**WHAT YOU NEED TO DO**
If a record contains a picture, leave the picture out and reproduce everything else exactly.

**RECORDS FOR THE EXERCISE**
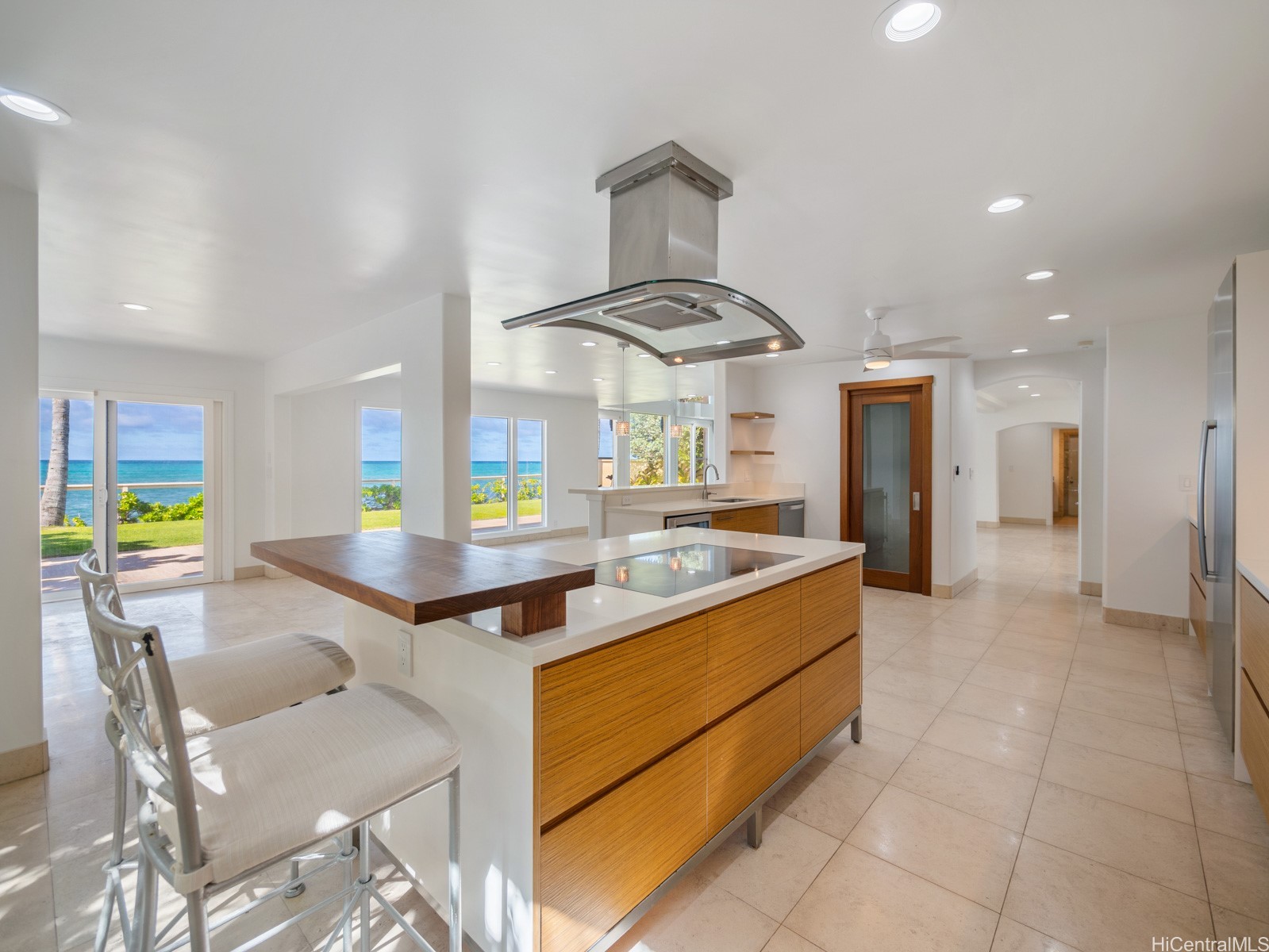 756 Mokulua Drive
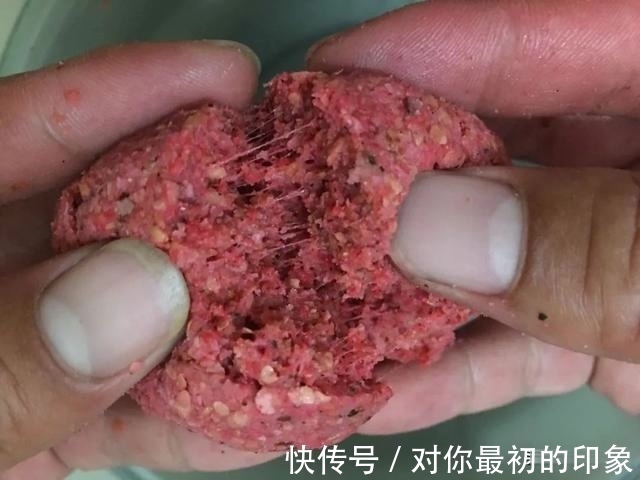 难怪你的饵团一拉就散，原来是少了这一步！新手开拉饵须知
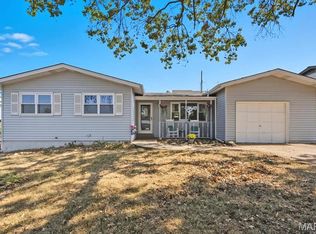 10822 Antrill Dr, Saint Louis, MO 63123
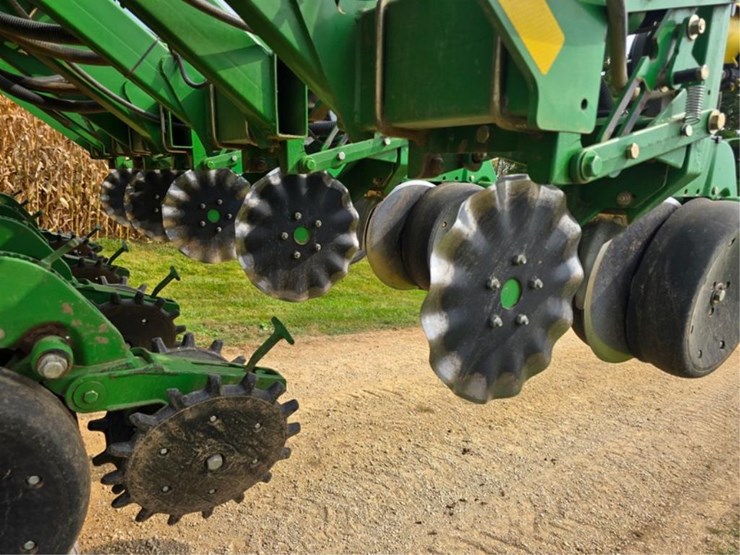 john-deere-1790-image-25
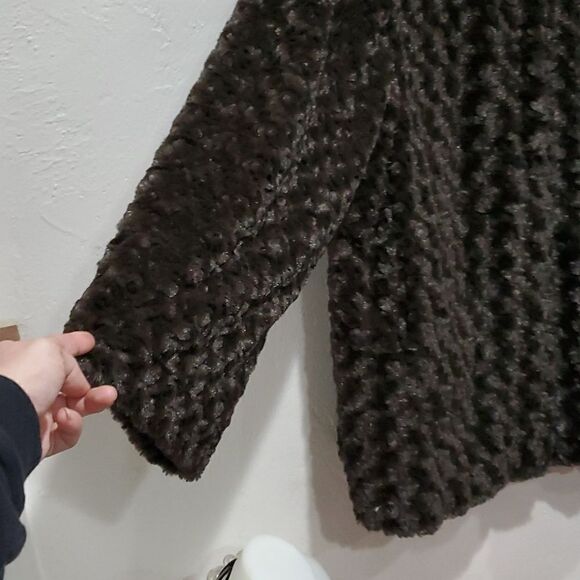 Like New Dennis Bass Faux Fur Coat Size 2XL - Picture 2 of 15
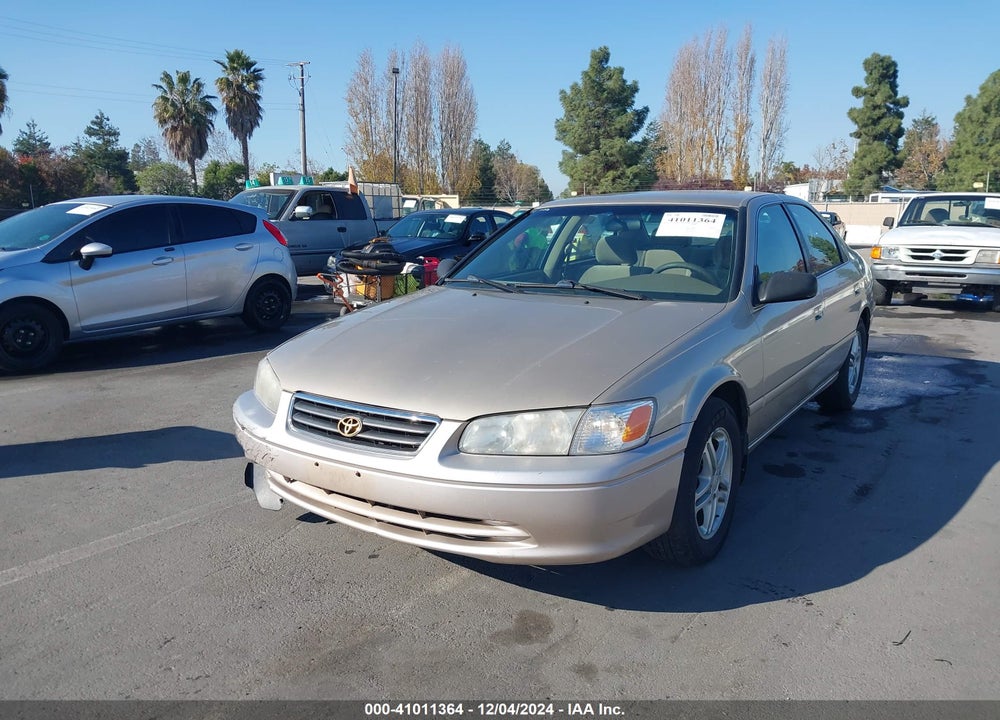 2000 TOYOTA CAMRY LE VIN: JT2BG22K0Y0509640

**PROBLEM SOLUTION**
 756 Mokulua Drive
 难怪你的饵团一拉就散，原来是少了这一步！新手开拉饵须知
 10822 Antrill Dr, Saint Louis, MO 63123
 john-deere-1790-image-25
 Like New Dennis Bass Faux Fur Coat Size 2XL - Picture 2 of 15
 2000 TOYOTA CAMRY LE VIN: JT2BG22K0Y0509640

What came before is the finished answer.